### WORK INSTRUCTION
Please give the data again in full, precisely as it is written.

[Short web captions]

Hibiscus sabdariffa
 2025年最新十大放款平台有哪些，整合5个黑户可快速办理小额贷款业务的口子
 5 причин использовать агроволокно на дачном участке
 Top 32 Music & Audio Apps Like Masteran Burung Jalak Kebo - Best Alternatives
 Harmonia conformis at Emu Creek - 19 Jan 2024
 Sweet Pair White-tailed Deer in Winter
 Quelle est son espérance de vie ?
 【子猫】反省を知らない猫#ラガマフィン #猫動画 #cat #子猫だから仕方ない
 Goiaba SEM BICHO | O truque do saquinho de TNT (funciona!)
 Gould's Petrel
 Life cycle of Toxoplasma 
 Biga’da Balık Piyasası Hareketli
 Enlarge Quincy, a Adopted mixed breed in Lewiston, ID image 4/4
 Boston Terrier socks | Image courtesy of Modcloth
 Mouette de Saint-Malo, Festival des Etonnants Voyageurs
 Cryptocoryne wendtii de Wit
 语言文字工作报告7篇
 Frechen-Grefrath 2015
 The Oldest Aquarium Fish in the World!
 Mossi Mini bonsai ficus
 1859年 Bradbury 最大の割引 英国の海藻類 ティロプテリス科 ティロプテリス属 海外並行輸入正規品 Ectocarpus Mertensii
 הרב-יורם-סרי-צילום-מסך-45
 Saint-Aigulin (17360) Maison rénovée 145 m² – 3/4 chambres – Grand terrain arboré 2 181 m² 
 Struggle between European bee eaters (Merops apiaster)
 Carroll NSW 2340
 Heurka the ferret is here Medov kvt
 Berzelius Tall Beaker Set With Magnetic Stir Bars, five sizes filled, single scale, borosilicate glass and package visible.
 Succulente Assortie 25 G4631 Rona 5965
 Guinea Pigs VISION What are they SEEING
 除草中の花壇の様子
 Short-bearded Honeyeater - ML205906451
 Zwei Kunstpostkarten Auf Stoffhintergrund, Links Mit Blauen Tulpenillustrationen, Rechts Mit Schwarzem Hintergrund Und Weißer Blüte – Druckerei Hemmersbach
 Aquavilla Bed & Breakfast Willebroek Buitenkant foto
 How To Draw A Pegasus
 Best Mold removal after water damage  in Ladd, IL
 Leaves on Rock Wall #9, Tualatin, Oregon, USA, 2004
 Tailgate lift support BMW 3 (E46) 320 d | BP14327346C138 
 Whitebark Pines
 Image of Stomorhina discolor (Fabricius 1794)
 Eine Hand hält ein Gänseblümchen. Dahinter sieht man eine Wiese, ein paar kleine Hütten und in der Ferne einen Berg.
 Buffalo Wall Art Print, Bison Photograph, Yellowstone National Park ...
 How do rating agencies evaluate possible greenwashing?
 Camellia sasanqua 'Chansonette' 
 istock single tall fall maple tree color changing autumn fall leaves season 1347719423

### ANSWER FOR THE TASK
Hibiscus sabdariffa
 2025年最新十大放款平台有哪些，整合5个黑户可快速办理小额贷款业务的口子
 5 причин использовать агроволокно на дачном участке
 Top 32 Music & Audio Apps Like Masteran Burung Jalak Kebo - Best Alternatives
 Harmonia conformis at Emu Creek - 19 Jan 2024
 Sweet Pair White-tailed Deer in Winter
 Quelle est son espérance de vie ?
 【子猫】反省を知らない猫#ラガマフィン #猫動画 #cat #子猫だから仕方ない
 Goiaba SEM BICHO | O truque do saquinho de TNT (funciona!)
 Gould's Petrel
 Life cycle of Toxoplasma 
 Biga’da Balık Piyasası Hareketli
 Enlarge Quincy, a Adopted mixed breed in Lewiston, ID image 4/4
 Boston Terrier socks | Image courtesy of Modcloth
 Mouette de Saint-Malo, Festival des Etonnants Voyageurs
 Cryptocoryne wendtii de Wit
 语言文字工作报告7篇
 Frechen-Grefrath 2015
 The Oldest Aquarium Fish in the World!
 Mossi Mini bonsai ficus
 1859年 Bradbury 最大の割引 英国の海藻類 ティロプテリス科 ティロプテリス属 海外並行輸入正規品 Ectocarpus Mertensii
 הרב-יורם-סרי-צילום-מסך-45
 Saint-Aigulin (17360) Maison rénovée 145 m² – 3/4 chambres – Grand terrain arboré 2 181 m² 
 Struggle between European bee eaters (Merops apiaster)
 Carroll NSW 2340
 Heurka the ferret is here Medov kvt
 Berzelius Tall Beaker Set With Magnetic Stir Bars, five sizes filled, single scale, borosilicate glass and package visible.
 Succulente Assortie 25 G4631 Rona 5965
 Guinea Pigs VISION What are they SEEING
 除草中の花壇の様子
 Short-bearded Honeyeater - ML205906451
 Zwei Kunstpostkarten Auf Stoffhintergrund, Links Mit Blauen Tulpenillustrationen, Rechts Mit Schwarzem Hintergrund Und Weißer Blüte – Druckerei Hemmersbach
 Aquavilla Bed & Breakfast Willebroek Buitenkant foto
 How To Draw A Pegasus
 Best Mold removal after water damage  in Ladd, IL
 Leaves on Rock Wall #9, Tualatin, Oregon, USA, 2004
 Tailgate lift support BMW 3 (E46) 320 d | BP14327346C138 
 Whitebark Pines
 Image of Stomorhina discolor (Fabricius 1794)
 Eine Hand hält ein Gänseblümchen. Dahinter sieht man eine Wiese, ein paar kleine Hütten und in der Ferne einen Berg.
 Buffalo Wall Art Print, Bison Photograph, Yellowstone National Park ...
 How do rating agencies evaluate possible greenwashing?
 Camellia sasanqua 'Chansonette' 
 istock single tall fall maple tree color changing autumn fall leaves season 1347719423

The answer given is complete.